## Goal of the exercise:
In the data below, one line contains "Picture / Wall" and a later one contains "灰色老钱风气质短袖上衣套装女". Print both, with every line between them, exactly and alone.

[Start of Attachment]

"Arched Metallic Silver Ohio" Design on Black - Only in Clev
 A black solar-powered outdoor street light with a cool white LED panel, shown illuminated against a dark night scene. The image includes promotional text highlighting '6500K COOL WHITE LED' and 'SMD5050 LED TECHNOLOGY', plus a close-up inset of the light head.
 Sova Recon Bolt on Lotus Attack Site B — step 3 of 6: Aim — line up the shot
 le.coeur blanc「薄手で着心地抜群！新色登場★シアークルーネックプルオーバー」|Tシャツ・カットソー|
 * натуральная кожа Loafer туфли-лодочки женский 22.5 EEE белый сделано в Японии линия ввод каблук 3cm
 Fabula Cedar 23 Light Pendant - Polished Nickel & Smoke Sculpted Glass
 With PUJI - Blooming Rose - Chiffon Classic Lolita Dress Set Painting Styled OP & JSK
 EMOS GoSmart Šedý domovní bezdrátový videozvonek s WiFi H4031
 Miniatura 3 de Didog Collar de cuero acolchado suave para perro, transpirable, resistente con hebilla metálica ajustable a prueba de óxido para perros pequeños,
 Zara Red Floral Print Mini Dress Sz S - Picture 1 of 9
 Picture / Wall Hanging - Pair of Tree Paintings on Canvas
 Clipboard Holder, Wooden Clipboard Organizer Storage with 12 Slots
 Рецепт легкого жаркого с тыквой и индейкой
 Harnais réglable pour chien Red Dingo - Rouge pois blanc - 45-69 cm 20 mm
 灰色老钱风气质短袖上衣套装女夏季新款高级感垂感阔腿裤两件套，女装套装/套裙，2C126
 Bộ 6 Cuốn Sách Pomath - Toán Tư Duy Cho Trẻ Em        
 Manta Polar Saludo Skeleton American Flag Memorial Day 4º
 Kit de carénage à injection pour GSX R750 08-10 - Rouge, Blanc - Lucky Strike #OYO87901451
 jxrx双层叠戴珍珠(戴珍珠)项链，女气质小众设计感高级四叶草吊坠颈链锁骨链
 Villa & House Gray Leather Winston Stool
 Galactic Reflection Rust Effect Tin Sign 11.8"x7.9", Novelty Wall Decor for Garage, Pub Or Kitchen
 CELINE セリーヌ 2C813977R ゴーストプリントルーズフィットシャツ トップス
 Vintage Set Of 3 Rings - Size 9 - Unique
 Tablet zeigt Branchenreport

[End of Attachment]

## Answer box:
 Picture / Wall Hanging - Pair of Tree Paintings on Canvas
 Clipboard Holder, Wooden Clipboard Organizer Storage with 12 Slots
 Рецепт легкого жаркого с тыквой и индейкой
 Harnais réglable pour chien Red Dingo - Rouge pois blanc - 45-69 cm 20 mm
 灰色老钱风气质短袖上衣套装女夏季新款高级感垂感阔腿裤两件套，女装套装/套裙，2C126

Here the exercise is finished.